Managers make predictable mistakes that, despite their technical expertise and stellar performance, can lead high-fliers to fail to rise to the top.
Along with colleagues, I have been teaching about ‘executive derailment’ for many years. It consistently resonates with MBA students and managers alike. This is echoed in my work with senior managers both individually and in teams. There are some important themes that consistently emerge about the journey to the executive suite. Many, perhaps all, managers have to wrestle with a paradox that, unless effectively addressed, can mean that their brilliance fails to lead to the desired promotion.
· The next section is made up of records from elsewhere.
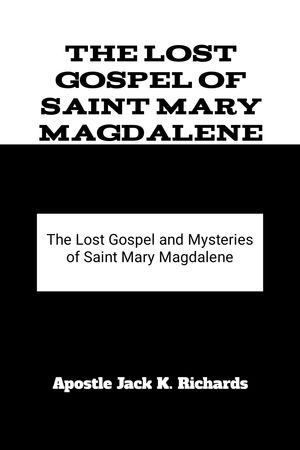 The Lost Gospel of Saint Mary Magdalene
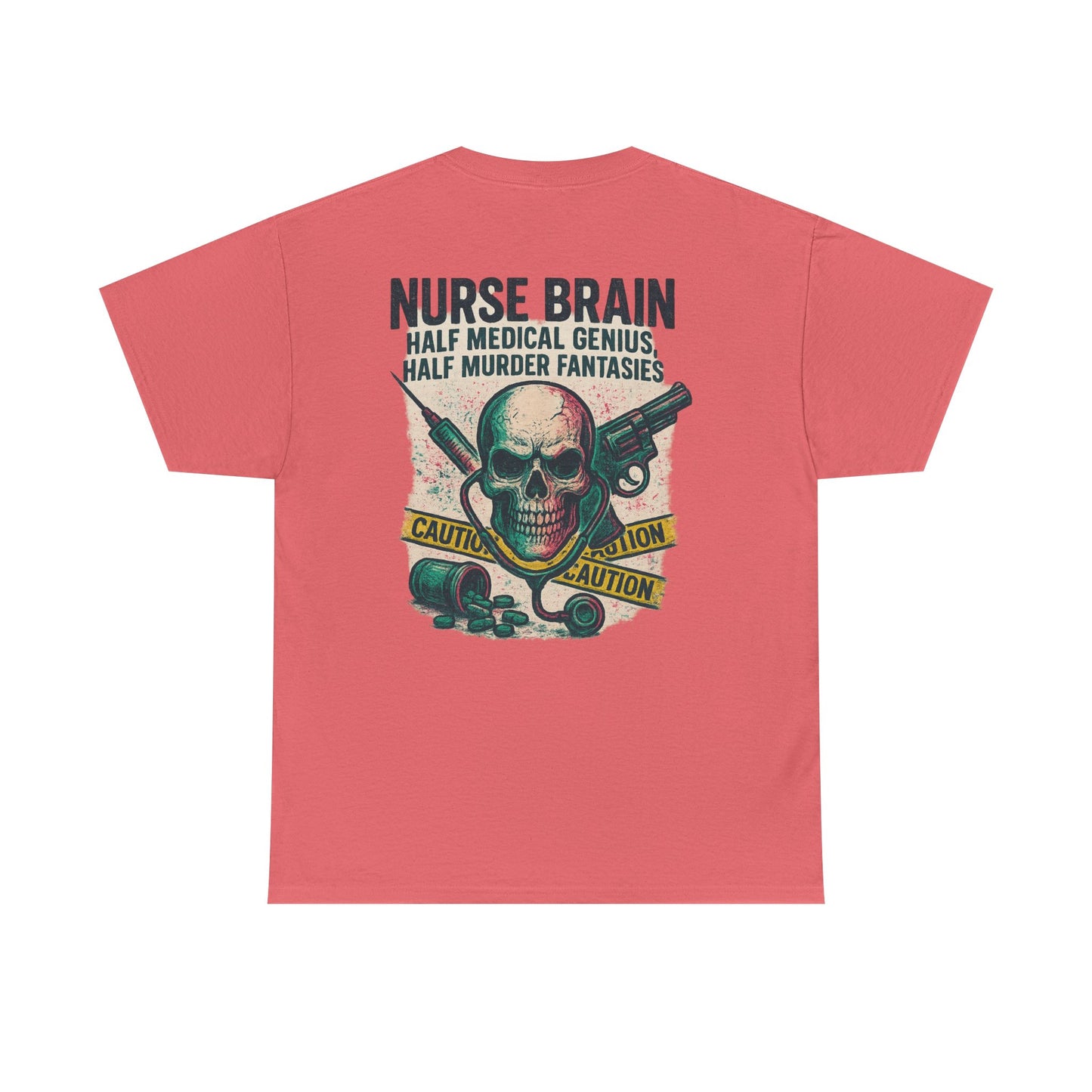 “Nurse’s Brain: Half Medical Genius. Half Murder Fantasies.” – Funny Nurse Tee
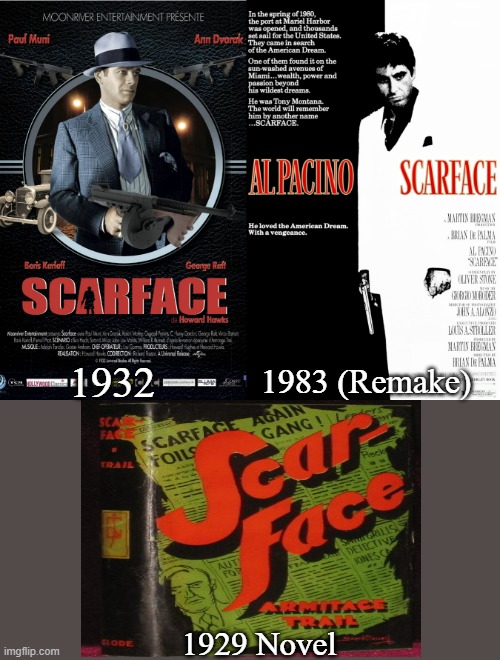 ScarFace Novel and Films | 1932; 1983 (Remake); 1929 Novel | image tagged in scarface 1929 novel,armitage trail,scarface 1932,paul muni,scarface 1983,al pacino | made w/ Imgflip meme maker
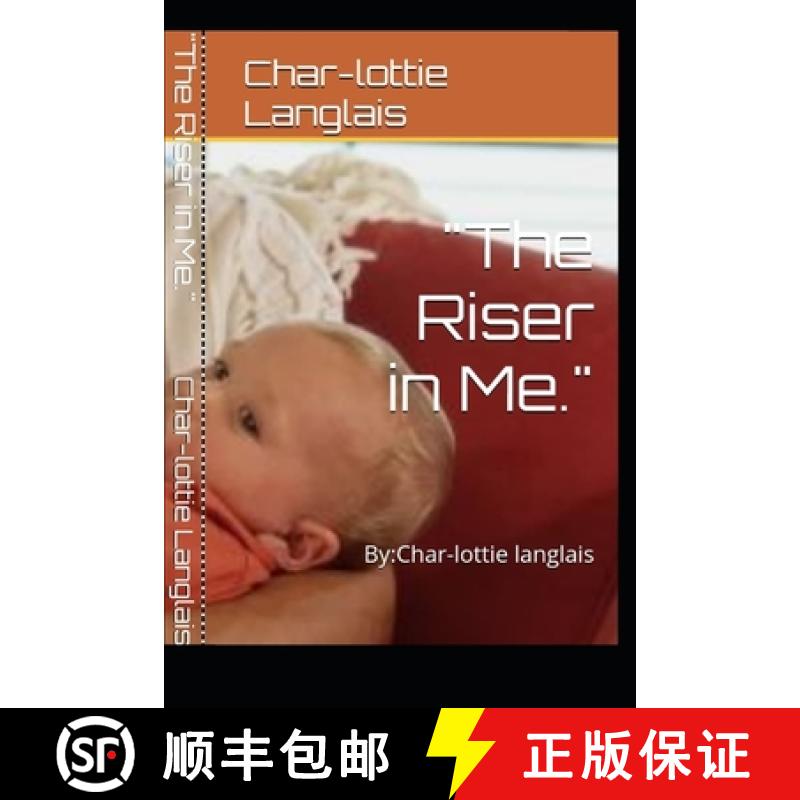 【3-4周达】The Riser in Me.: By: Char-lottie langlais [9781973101567]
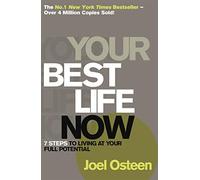 Your Best Life Now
I have had many conversations with bitter managers berating the fact that poorer performing colleagues have advanced ahead of them. Is it because top management don’t realise what they have achieved? Is it that they aren’t grateful? Is it that other managers have been engaging in manipulative politicking? Sadly, it is often none of these. Top management usually has a pretty good idea of what it takes to make it to the top. If you are not getting the promotions that your performance ‘deserves’, it is probably that you haven’t effectively realised how much you need to adapt as you become more senior.
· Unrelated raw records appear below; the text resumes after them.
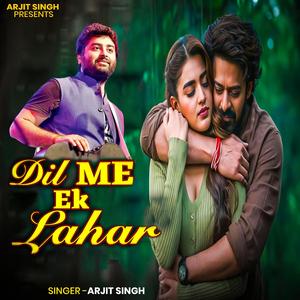 Arjit Singh | Dil Me Ek Lahar | दिल मे एक लहर | Hindi Song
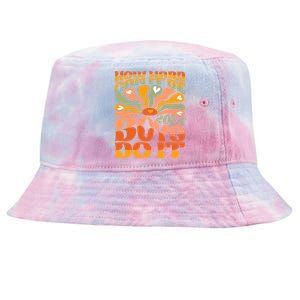 Funny Sarcastic Quote How Hard Can It Be Do It 2024 Cute Gift Tie-Dyed Bucket Hat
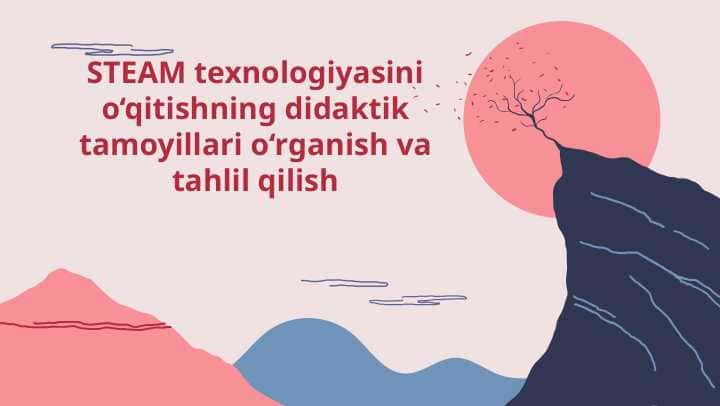 STEAM texnologiyasini o‘qitishning didaktik tamoyillari o‘rganish va tahlil qilish
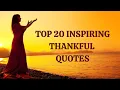 TOP 20 INSPIRING GRATITUDE QUOTES THANKFUL SAYINGS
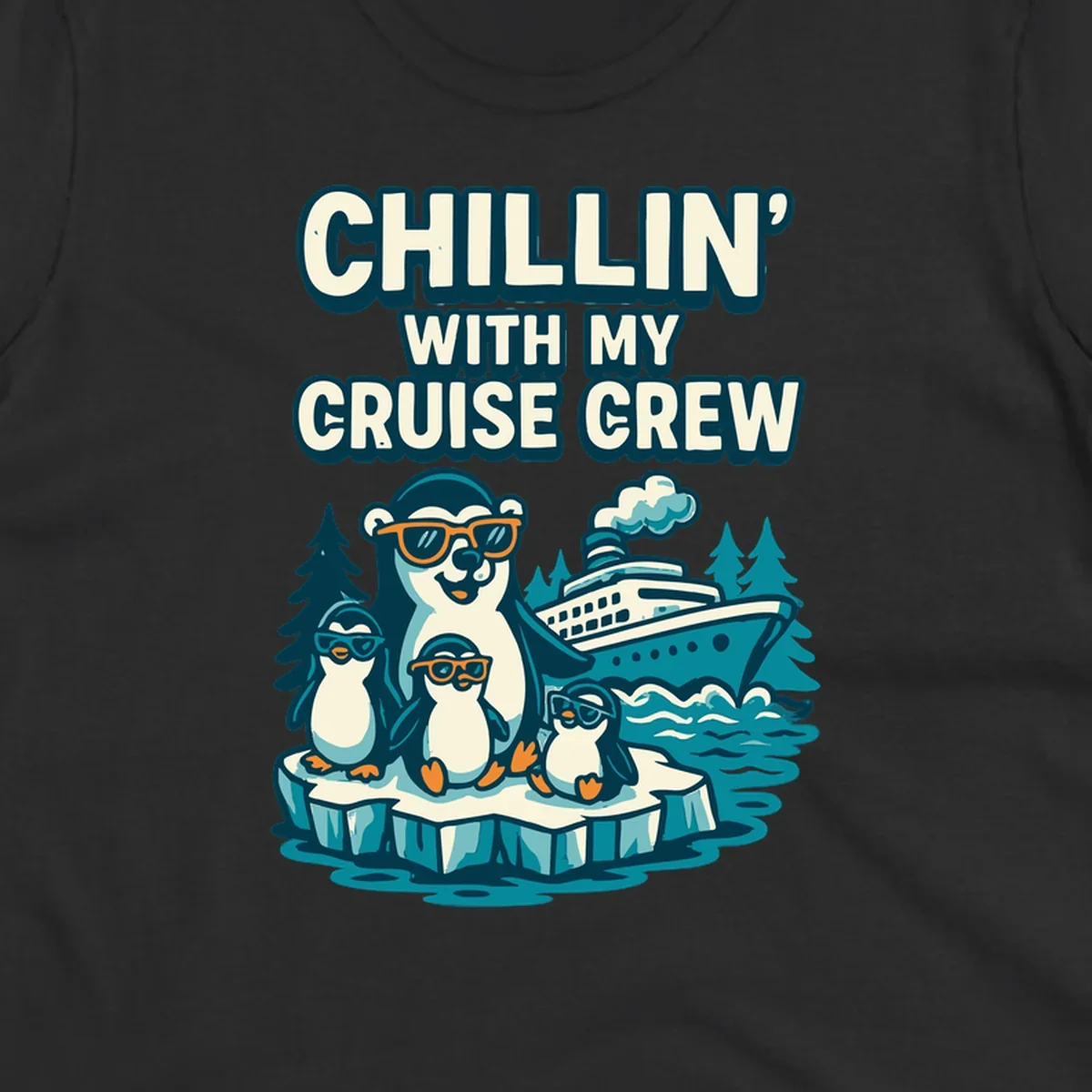Illustration of four penguins in sunglasses on ice with cruise ship and 'Chillin' With My Cruise Crew' text, Alaska-themed design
In the first half of your career, the game is straightforward. You demonstrate your technical expertise, you work hard (often making sacrifices in other parts of your life) and you develop skills and competence that allow you to become a star performer. In some roles, such as trading, sales, consulting or professional roles such as law, indispensability can be cemented by having such strong external relationships that, if the company fired you, the clients or customers would follow.
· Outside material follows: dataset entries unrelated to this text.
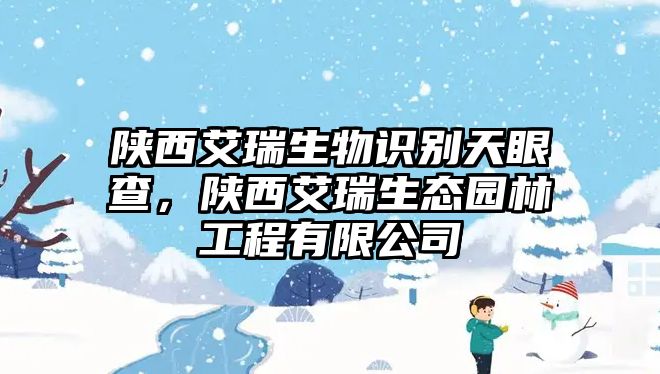 陜西艾瑞生物識(shí)別天眼查，陜西艾瑞生態(tài)園林工程有限公司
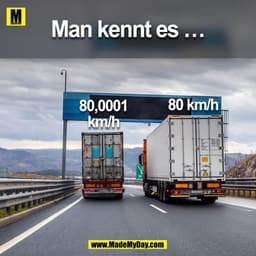 Man kennt es ...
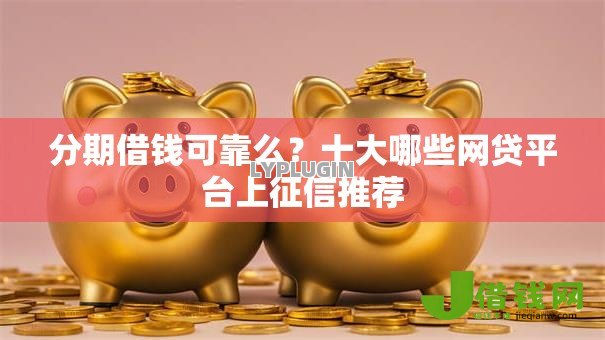 分期借钱可靠么？十大哪些网贷平台上征信推荐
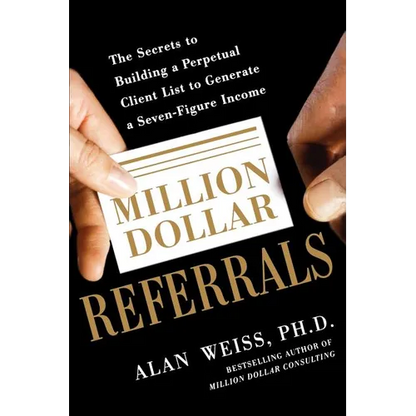 Million Dollar Referrals: The Secrets to Building a Perpetual Client List to Generate a Seven-Figure Income - Paperback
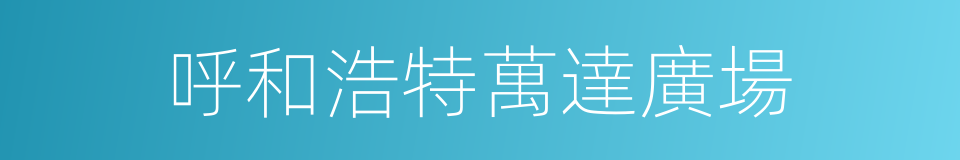呼和浩特萬達廣場的同義詞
In such cases, job security is high — you have become ‘indispensable’. When times are tough, in particular, this is simple, Darwinian self-preservation.
Such individuals rapidly move into managerial positions, where they have to overcome a universal challenge — the curse of knowledge. When you have developed a skill to a high level of expertise, it becomes automatic and, as neurology is increasingly clarifying, uses a different part of your brain. Moving into management means that you have to supervise people who don’t know how to do things that for you are obvious. At this point, you realise something important — people are a problem. They just don’t get it. Are they stupid? Are they intentionally trying to screw things up? What’s wrong with them?
Anyone who has ever been driving behind a learner driver and has found themselves becoming frustrated and critical has experienced the curse of knowledge. The whole point about learner drivers is that they aren’t good drivers, so getting irritated by their incompetence is not a rational approach — you too were once a bad driver. Some managers have selective memory about their own learning curve. Helping other people develop skills that have become automatic for us requires learning some basic management skills. These are relatively easy to learn and most managers are reasonably competent after a few years.
So, you have demonstrated your expertise and your ability to supervise others. The team is performing to a very high level. You and the team are regularly heaped with praise from above. Things could not be going better. Given your sparkling track record, the future must surely be equally bright?
You subtly ask your boss about what the future holds for you. The boss doesn’t pick up on your hints. Eventually, you confront him or her about your career ambitions. Your boss couldn’t be more flattering: “You are fantastic: indispensable. Which is why you are the last person I would promote. You are far too important where you are.”
So, what has gone wrong? And what can you do about it?
To be an effective executive, you need a strong desire and ability to control. Consistently delivering high-quality output; exceeding expectations regularly; being an ‘over-achiever’. Organisations rely on these types of managers to do the hard work required for value creation.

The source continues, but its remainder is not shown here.